Usage: ./whisper-autotranscription.sh [-f CONFIGFILE] [-n NUMBER VMS] [-m MODE] [-h]
-f CONFIGFILE Specify a config file (optional. will use config/config.sh if not specified))
-n NUMVMS Specify a number of VMS to create (optional. will use 1 if not specified))
-m MODE Specify the mode whisper|whisperx (optional. will use whisper if not specified)
-h Display this help message
There is also the possibility to use whisperX instead of whisper
.
For this you need a huggingface account and a token.
You will also need to accept the Terms and Conditions for speaker-diarization and segmentation.
whisperX only works with .wav files currently because of a bug in python-soundfile
Copy config/ansible_secrets.yaml_example
to config/ansible_secrets.yaml
and add you token to config/ansible_secrets.yaml
.
Files that need to be processed need to be put in files_upload
directory $SRC_DIR
. After the transcription the files will first be downloaded to files_download
directory $DST_DIR
and then copied to the originating directories in files_upload
or $SRC_DIR
.
If the variable CLEANUP
is set to true
, the files in files_download
will be deleted.
The file config/config.sh_example
needs to be copied over to config/config.sh
cp config/config.sh_example config/config.sh
Adjust the values according to your needs.

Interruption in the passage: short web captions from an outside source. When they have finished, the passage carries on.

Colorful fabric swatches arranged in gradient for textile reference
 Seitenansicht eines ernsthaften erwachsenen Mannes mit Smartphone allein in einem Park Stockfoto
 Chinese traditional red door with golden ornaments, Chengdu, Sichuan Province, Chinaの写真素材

The terraform tfvars file config/variables.tfvars_example
needs to be copied over to config/variables.tfvars
cp config/variables.tfvars_example config/variables.tfvars
Adjust the values according to your needs.
The file templates/ansible_vars.yaml_example
needs to be copied over to templates/ansible_vars.yaml
.
cp templates/ansible_vars.yaml_example templates/ansible_vars.yaml
In the templates/ansible_vars.yaml
file the model size can be set and also the path to download the files to. This needs to be the same as the DST_DIR
from the config/config.sh
.
DO NOT CHANGE the variable for THREADS, this is done in the whisper-autotranscription.sh
script which will get the value according to instance_type
Change whisper_parameters
if you want to optimize your whisper settings.
instance_threads: THREADS
whisper_model_size: "medium"
whisper_retry_count: 3
whisper_retry_delay: 10
file_directory: "/pathto/whisper-autotranscription/files_download"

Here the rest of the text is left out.